Being in London during this particular mass shooting, however, has given me a different perspective on how politics can work. In 1987, an unemployed labourer named Michael Robert Ryan shot 16 people with an AK-47 in Hungerford, England. In 1996, sixteen children, aged five through six, and one of their teachers were killed with several others injured when a man with four handguns broke into the gymnasium of a primary school in Dunblane, Scotland. This instance in particular sounds like one of the first mass shootings that shook the US in 2012, resulting in the deaths of twenty children and six adults when a gunman broke into Sandy Hook primary school in Newtown, Connecticut.

The difference between the US and the UK shootings, is that after children died in the UK because of lax gun laws, the Government took action. In 1988, after the massacre in Hungerford, Parliament responded by outlawing semi-automatic weapons and limiting the sales of some types of shotguns. Similarly, after the school shooting in Dunblane, more legislative bans on handguns and assault weapons were implemented and background checks were tightened.

According to data from the United Nations Office on Drugs and Crimes, presented in the Small Arms Survey collected by the Guardian, the US had 9,146 homicides by firearm in 2007, which was 60 per cent of all homicides. England and Wales by comparison had 41 homicides by firearm, which was 6.6 per cent of all homicides. In this survey the US had the highest gun ownership rate of any nation with 88 guns per 100 people. The second closest was Yemen, a nation torn with civil war, with 54.8 guns per 100 people. This shows that though the US is one of the most successful countries in the world in many ways, it is completely unsuccessful at agreeing on facts, or causality. Rather, both sides in politics have their own facts and opinions and refuse to reach any kind of middle ground.

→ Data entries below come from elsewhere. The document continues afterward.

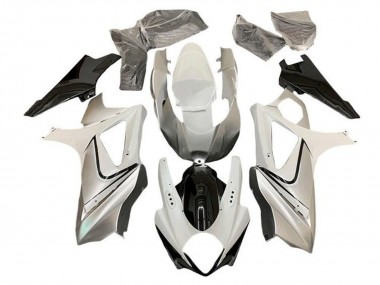 Migliori Carena Moto Suzuki GSXR 1000 2005-2006 - Lucido Bianco Argento Nero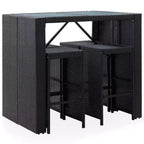 vidaXL Set da Bar da Esterno 5 Pezzi - Rattan Sintetico e Vetro Nero - Include Cuscini Confortevoli - Facile da Montare - Adatto per Esterni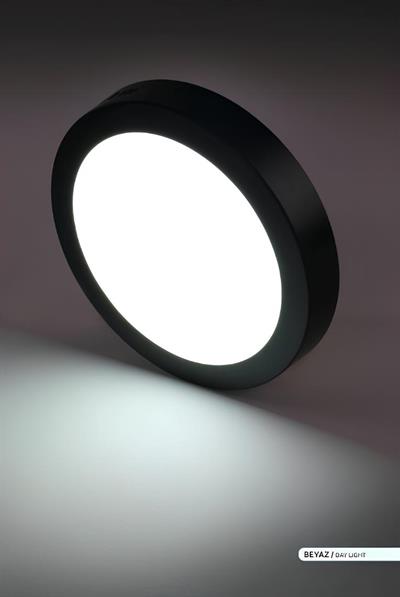 Ack 24 Watt Siyah Kasa Sıva Üstü Yuvarlak Led Panel Beyaz Işık AP03-02431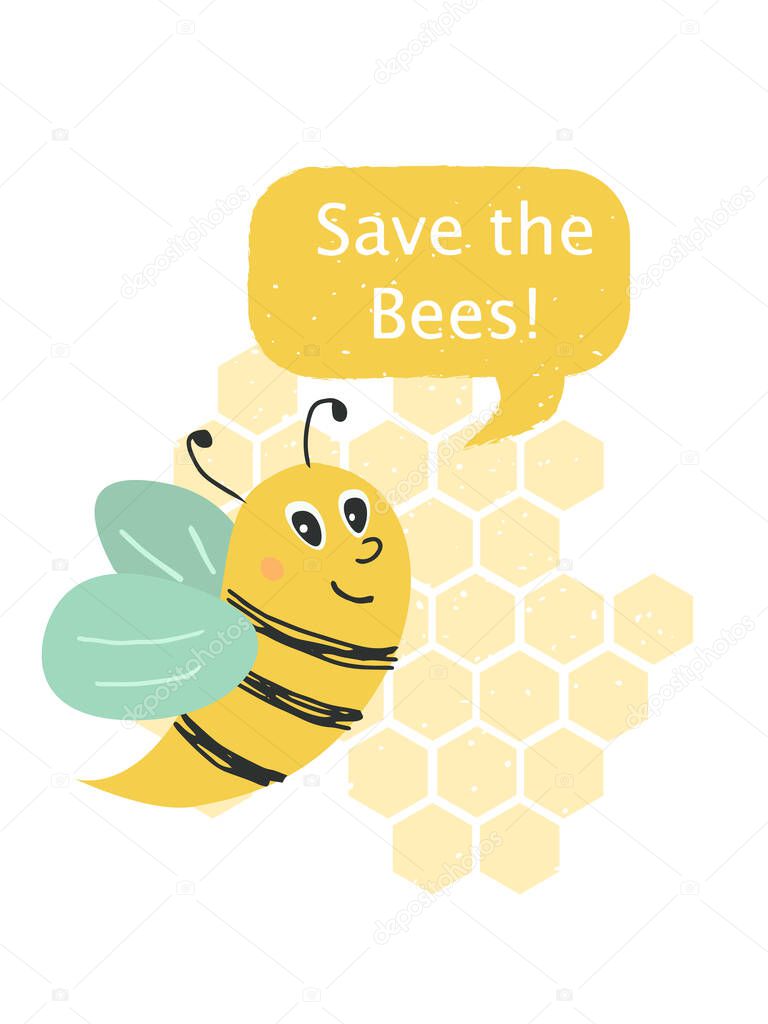 Bee with backgroung of honey combs. Vector composition with words Save the Bees. 20 May - World Bee Day concept. Illustration for ads, banners, flyers  to raise awareness of bee protection. Eps 10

I believe that there are multiple reasons for this, including unwillingness to concede to the changing times and the nature of bipartisan politics. One reason that it has been easier to reform gun control laws in the UK than in the US is because they don’t have a contract like the Constitution that some use as a tool to prevent change. Humanity and technology have evolved much in over 200 years since the Constitution was written, yet some insist on holding it to its every word and refuse to allow prudent change. The Second Amendment can’t be used as the only reason to have guns because we live in an entirely different world to the one it was written for.

Another problem with not only the gun control debate but American politics in general, that I have noticed in my time here in the UK, is that it is almost impossible for the US to get anything done with the two-party system as it is. Rather than coming together as a nation to solve political issues, we dig our heels into our parties’ sides and refuse to move. We won’t compromise. We won’t even really listen to each other. Political media becomes a show of who can get the American public to hate who the most.

After tragedies like the one in Orlando the first thing politicians do is use them to strengthen their party line and raise hate for the opposite side. It’s an unworkable system that the US keeps digging itself deeper and deeper into without realizing that their is another way. In the UK, the multitude of political parties permits for everyone’s voice to be heard. There may only be a few parties with most of the power, but at least there are more opportunities to have what you really care about represented and a possibility of creating change rather than discord.